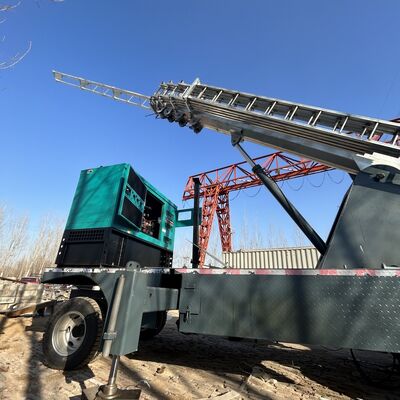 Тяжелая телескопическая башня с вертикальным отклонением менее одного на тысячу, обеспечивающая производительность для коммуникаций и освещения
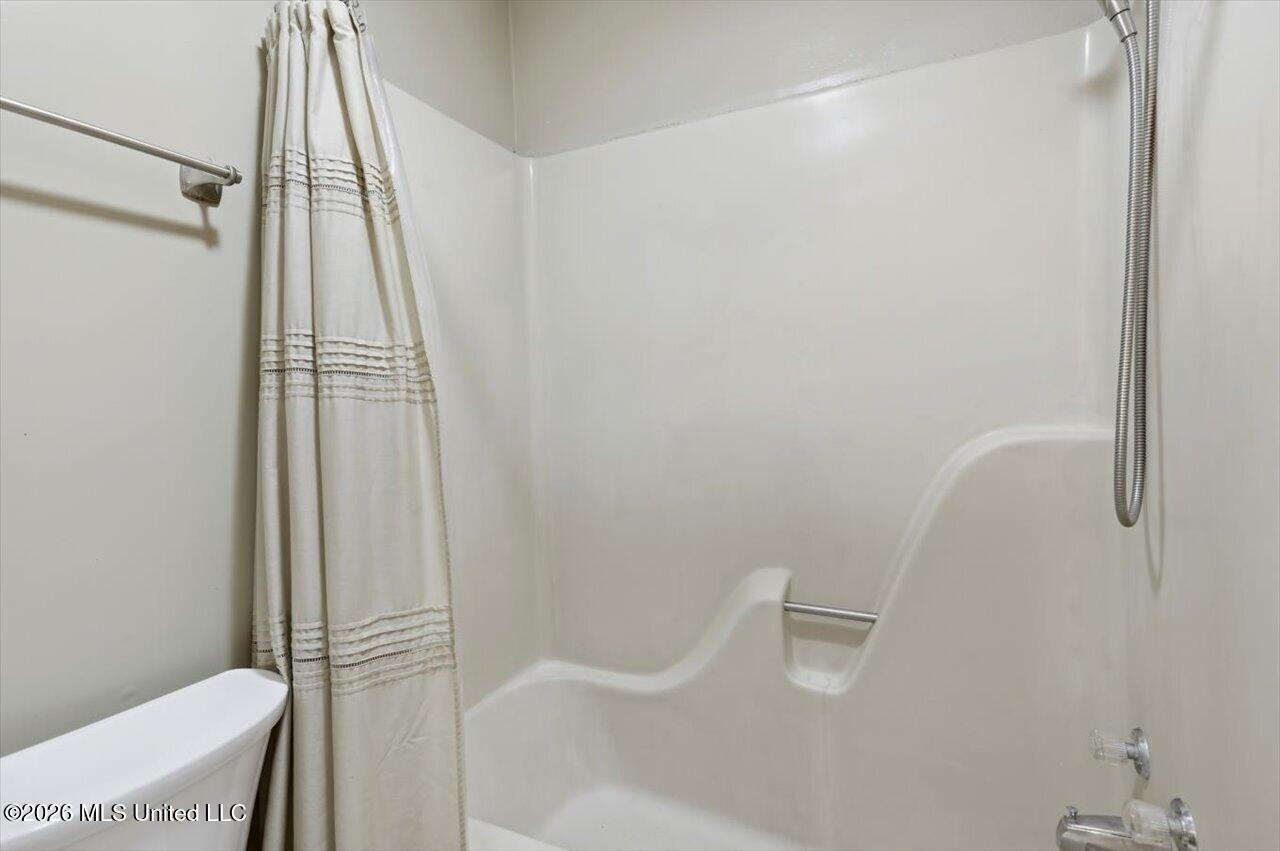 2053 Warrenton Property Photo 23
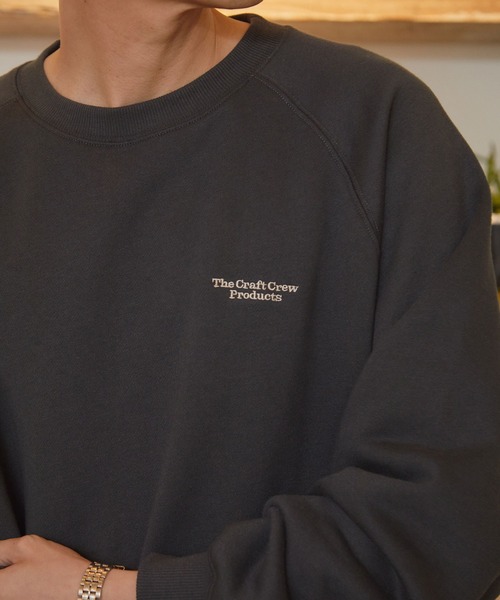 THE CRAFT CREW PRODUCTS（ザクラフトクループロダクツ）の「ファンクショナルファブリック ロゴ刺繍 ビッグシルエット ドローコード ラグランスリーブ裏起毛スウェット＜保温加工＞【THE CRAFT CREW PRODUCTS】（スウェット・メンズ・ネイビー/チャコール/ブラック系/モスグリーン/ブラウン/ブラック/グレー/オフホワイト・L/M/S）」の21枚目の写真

• • • • •

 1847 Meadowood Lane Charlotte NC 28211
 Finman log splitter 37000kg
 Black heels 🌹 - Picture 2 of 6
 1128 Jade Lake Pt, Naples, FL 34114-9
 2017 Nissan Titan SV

• • • • •

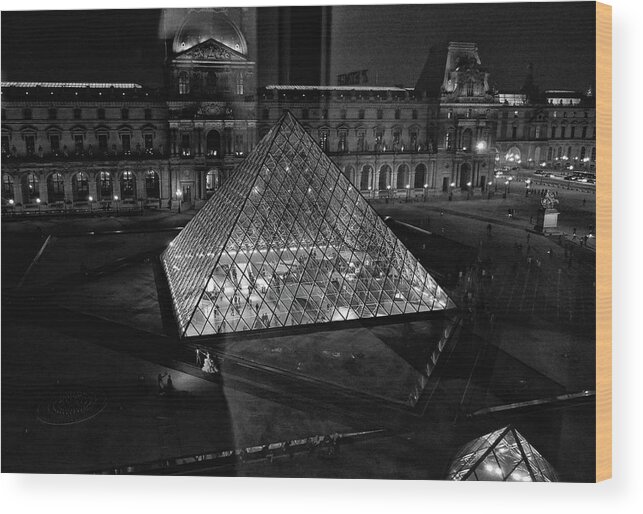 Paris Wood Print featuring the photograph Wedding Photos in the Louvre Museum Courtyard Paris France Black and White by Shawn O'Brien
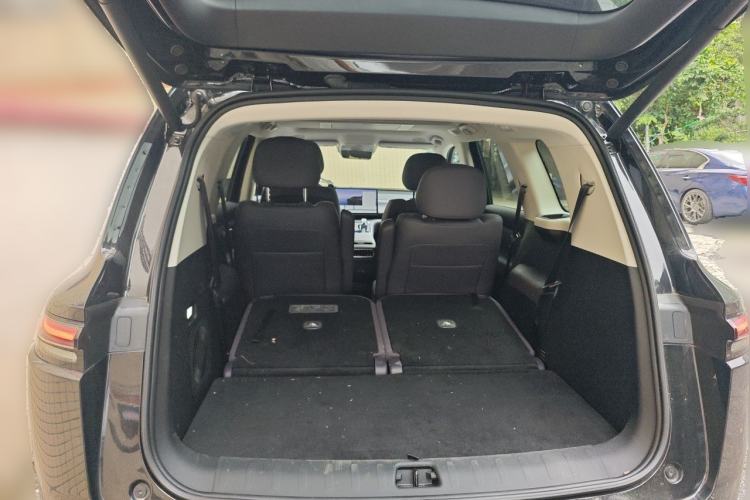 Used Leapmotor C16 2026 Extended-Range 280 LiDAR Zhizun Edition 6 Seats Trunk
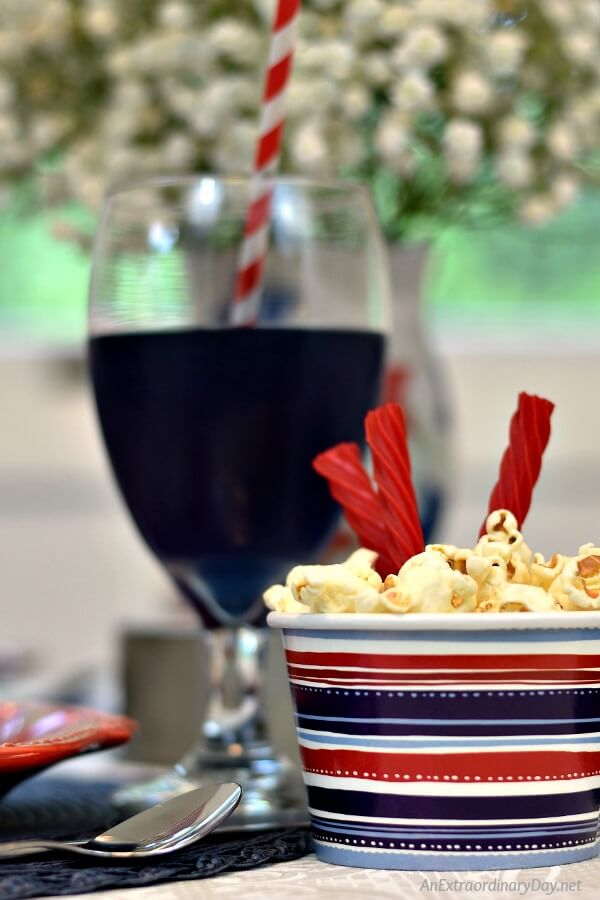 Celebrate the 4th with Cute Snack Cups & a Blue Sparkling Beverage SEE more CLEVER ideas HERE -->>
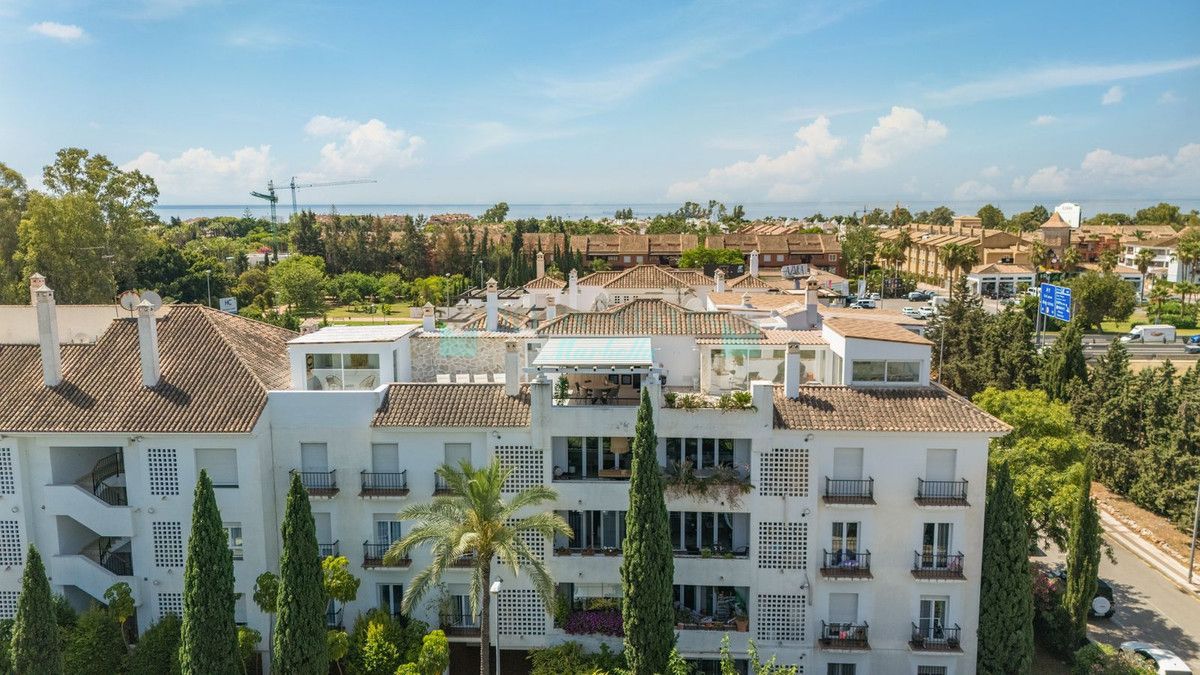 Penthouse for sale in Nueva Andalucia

• • • • •

- [WHAT YOU HAVE TO DO]:
When you reach the line with "Finman log splitter 37000kg" in the records above, start writing out lines exactly, and stop once the line with "2017 Nissan Titan SV" has been written; include nothing else.

- [FINISHED TASK]:
 Finman log splitter 37000kg
 Black heels 🌹 - Picture 2 of 6
 1128 Jade Lake Pt, Naples, FL 34114-9
 2017 Nissan Titan SV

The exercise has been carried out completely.